OPSN / MVP-discuss

A place to design a proof of concept implementation of Overlaid Personal Semantic Networks.
Apache License 2.0
1 stars 0 forks source link

People need a reason to want to use our initial implementation #4

Open oresmus opened 7 years ago

oresmus commented 7 years ago

... or they won't.

Possibilities include:

jmichelz commented 7 years ago

I wanted to try this process: http://zguide.zeromq.org/cs:chapter6#Simplicity-Oriented-Design Can we come up with a list of problems people have in this area, and come up with the simplest, most dramatic one? As an example I've read a million things online, but don't have a good record of them, showing the most important.

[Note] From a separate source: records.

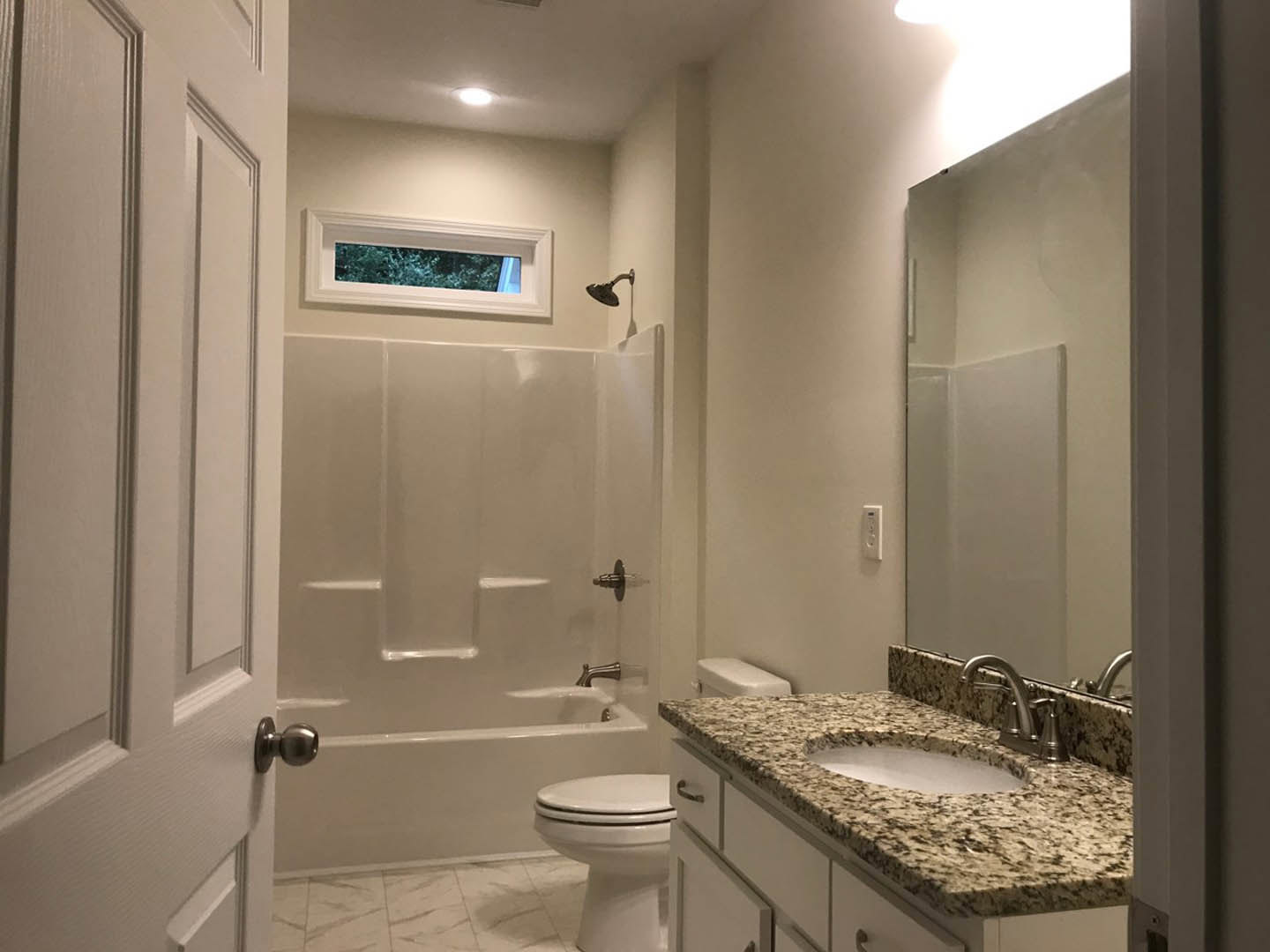 Modern bathroom featuring white tile walls, a rectangular sink with chrome faucet, a close-up of a toilet, a glass window with blue tint, a white shower with built-in steps, and a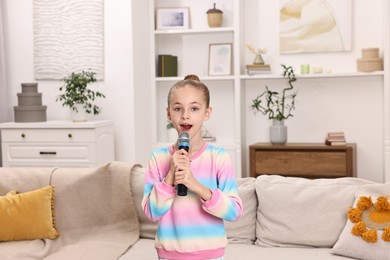 Photo of Little girl with microphone singing near sofa at home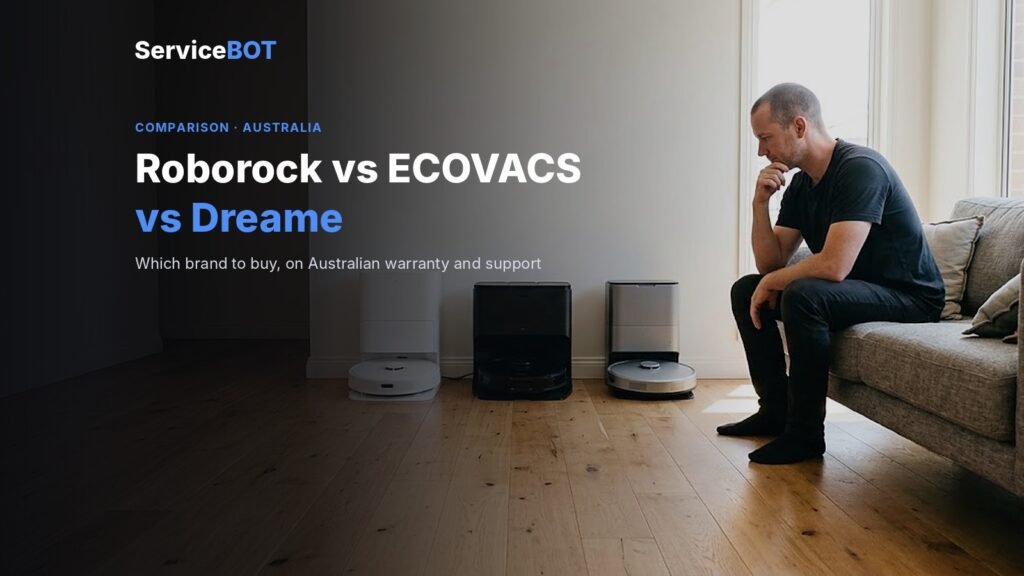 A man sits on the edge of a couch, chin in hand, weighing up three unbranded robot vacuums in white, black and silver lined up in front of their docks on timber floorboards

"We collect a set of interesting problems (by looking at how people use technology or other products) and we line these up from simple to complex, looking for and identifying patterns of use.

We take the simplest, most dramatic problem and we solve this with a minimal plausible solution, or "patch". Each patch solves exactly a genuine and agreed-upon problem in a brutally minimal fashion.

We apply one measure of quality to patches, namely "Can this be done any simpler while still solving the stated problem?" We can measure complexity in terms of concepts and models that the user has to learn or guess in order to use the patch. The fewer, the better. A perfect patch solves a problem with zero learning required by the user.

Our product development consists of a patch that solves the problem "we need a proof of concept" and then evolves in an unbroken line to a mature series of products, through hundreds or thousands of patches piled on top of each other."

jmichelz commented 7 years ago

Maybe something that sits and watches what you read online, then guesses the things that are most important (most surprising to you?) and records that as well. Maybe by time on a page relative to it's length (on the theory it takes you longer to process something important). Maybe by semantic analysis of the pages, what they have in common, what you're trying to figure out. It could take note when you share things too, but many things I don't remember to share.

When you go look over the OPSN it generated, you could tell it where it made mistakes and it could start to learn how to do a better job. Eventually when it's got an accurate picture of your interests, it could start showing things to you it predicts you would find important. Once the OPSN has a good amount of interesting content in it, you could share those things with other people in one shot instead of piecemeal.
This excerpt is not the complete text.